Schemes such as the one in Swindon have been in the PFI procurement process for too long and I believe that that cannot continue. In such cases, a decision needs to be made, which confirms either that the project is suitable for agreement with the private sector partner, or that it is not. Both public and private sector participants must not be left indefinitely wrestling with schemes, trying to satisfy ill-defined rules, only to find that there is a finishing line that moves forward continually.

Unlike our predecessors, this Government are committed to developing public-private partnerships in the national health service which actually work and do the business of getting new hospitals off the ground. They should lay the bricks and the mortar. The time for talking on these issues has come to an end. This Government want to be remembered as a Government who built hospitals rather than as a Government who promised the building of hospitals. We are determined to rejuvenate the private finance initiative and to get it working.

It is precisely to deal with problems such as those faced by Swindon that my hon. Friend the Paymaster General announced on 8 May a major review of the PFI across government. His aim is to remove the obstacles in the way of bringing projects to fruition and to find ways in which to streamline the whole process. At the same time, I can announce this evening that I have asked my officials to carry out an urgent review of the PFI process in the national health service. I will listen to the views of those closely involved with the PFI from both the public and private sectors. The objective will be to identify how the current gridlock can be eliminated and to ensure that much needed schemes are completed quickly, making best use of the skills and expertise of both the public and private sectors to achieve best value for money.
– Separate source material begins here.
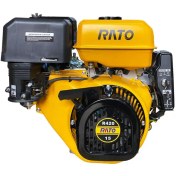 تصویر موتور تک بنزینی راتو 15 اسب مدل R420 ا GASOLINE RATO ENGINE R420 GASOLINE RATO ENGINE R420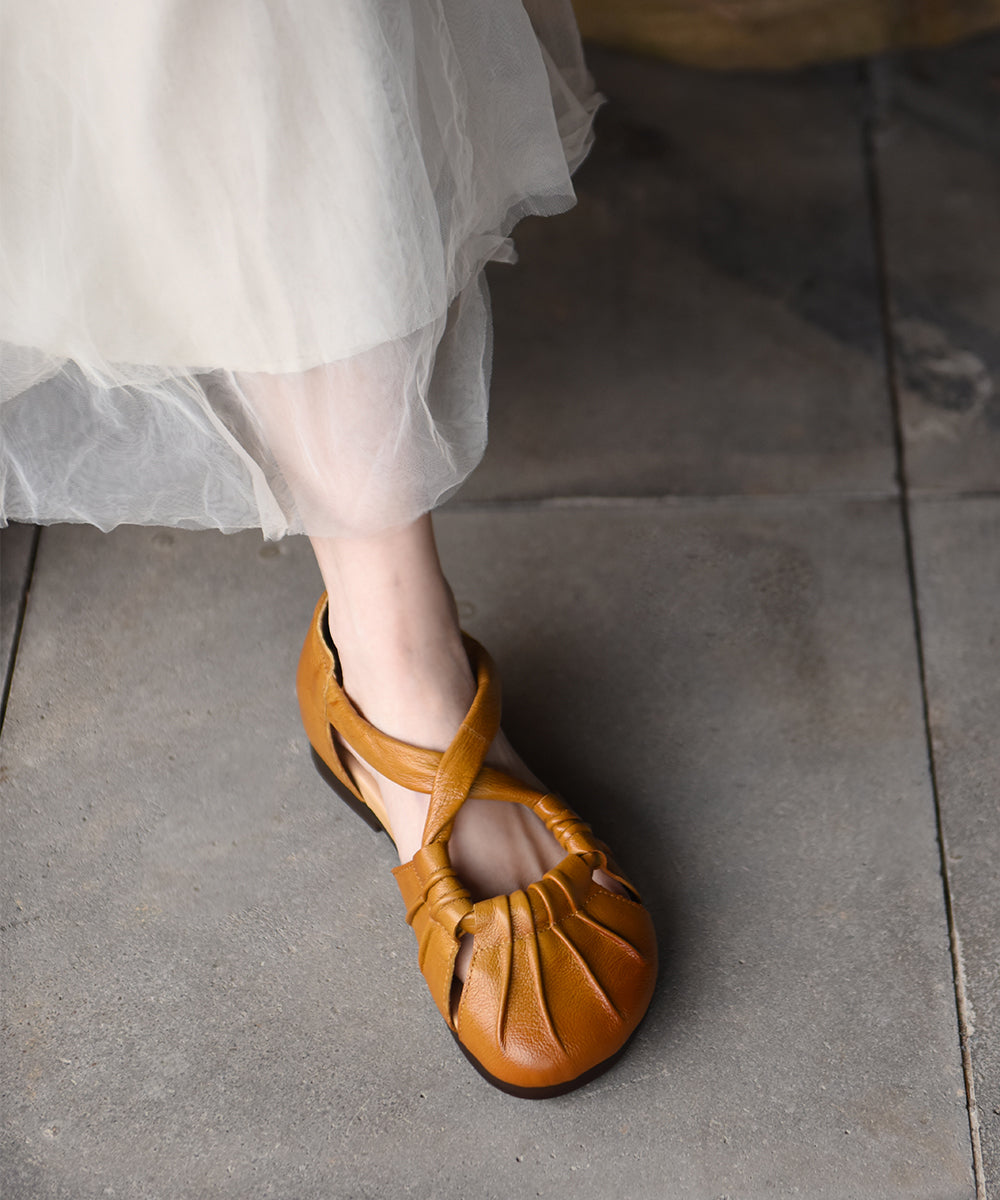 Chic Orthopedic Sandals with Unique Design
I know that all talk of a review inevitably leads to some concern about the potential for delay, so I shall try to pre-empt my hon. Friends' concerns on that point. Perhaps I can best point to the progress that we seek to make on the PFI by reference to the proceedings today in another place. The Government introduced a new Bill in the other place to speed progress on the PFI. The Bill will clarify the powers of NHS trusts to enter into PFI-type agreements and it will remove one roadblock that has caused considerable frustration and delay for some of the most advanced schemes. It signals the Government's absolute determination to speed up the process of attracting private capital into the national health service and our commitment to make sure that public-private partnerships actually deliver the goods.

I very much hope that a PFI solution can be found for the redevelopment in Swindon. I share the desire of people in the town to see their NHS facilities improved. I am extremely grateful to my hon. Friends for making their case so eloquently. I can tell them that today, I have instructed the NHS executive to agree with the trust a clear way forward for the project and for other schemes that have already been approved, but which have not made the progress expected of them. I shall also ask the trust's chief executive to make himself available to meet my hon. Friends to explain the PFI proposal in more detail, so that they and their constituents are clear about it.

I offer my hon. Friends an open invitation. I am happy at whatever point to meet them to give them the opportunity further to press their case on this very important proposal. The way in which they have rationally and cogently argued their case this evening is important and it speaks volumes for the Swindon team that we can expect in this House for many years to come.

Question put and agreed to.

Adjourned accordingly at fourteen minutes past Ten o'clock.